When the pitch is so fat
That the ball hits the bat
-- sung to the tune of "That's Amore"
If you're not old enough to remember, Oscar Zamora was a smallish (5-10, 178) righthanded reliever for the mediocre-to-bad Cub teams from 1974 to 1976. A native of Cuba, he languished in the Cleveland and Houston farm systems for nine years, and was purchased by the Cubs on June 17, 1974 and installed as a sometime middle reliever, sometime closer (though closers in those days had different roles than today, often going two or three innings).
He had a decent year in '74, with a 3.12 ERA in 83.2 innings, and 10 saves, which, amazingly enough, led that 96-loss team.
But the next season and in '76, even though the team was a bit better, Oscar was awful, posting ERA's north of 5 each year (and in June '75 alone had three horrendous outings on June 4, June 13, and June 25, those three accounting for more than 25% of all the earned runs he allowed that year). This led to the little song you see at the top of this post being sung by many fans.
He wasn't any better in 1976. In early August manager Jim Marshall ran a bit short of pitchers when the Cubs had back-to-back doubleheaders in Montreal (due to two rainouts in May), so Oscar was pressed into service as a starter in the second game on August 7. He got pounded for eight hits and six runs in less than three innings, was sent to the minors and eventually signed as a free agent with the Astros, for whom he had 10 bad appearances (7.20 ERA) in 1978 and then was done.

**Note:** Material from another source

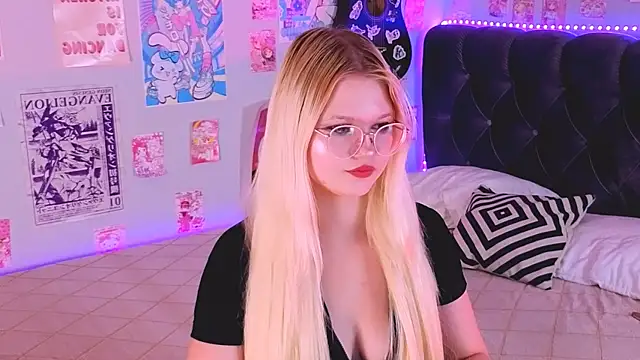 LunariaFox online show from July 2026 03:22:01 PM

But I'll bet you didn't know -- I didn't till I started looking for more background on Oscar for this post -- that he threw a perfect game in the minor leagues, for Triple-A Oklahoma City against Denver. No, I'm not making this up. It was a seven-inning perfect game, the second game of a doubleheader. Oddly enough, it was on the same day -- September 2, 1972 -- that Milt Pappas came one strike away from perfection for the Cubs. Several future major leaguers were on the Denver team that Oscar threw the perfecto against, including Pete Mackanin, Jeff Burroughs and future Cub Lenny Randle. (The "Steve Greenberg" listed in that boxscore is Hank Greenberg's son, who eventually founded Classic Sports Network, later sold to ESPN, and CSTV.)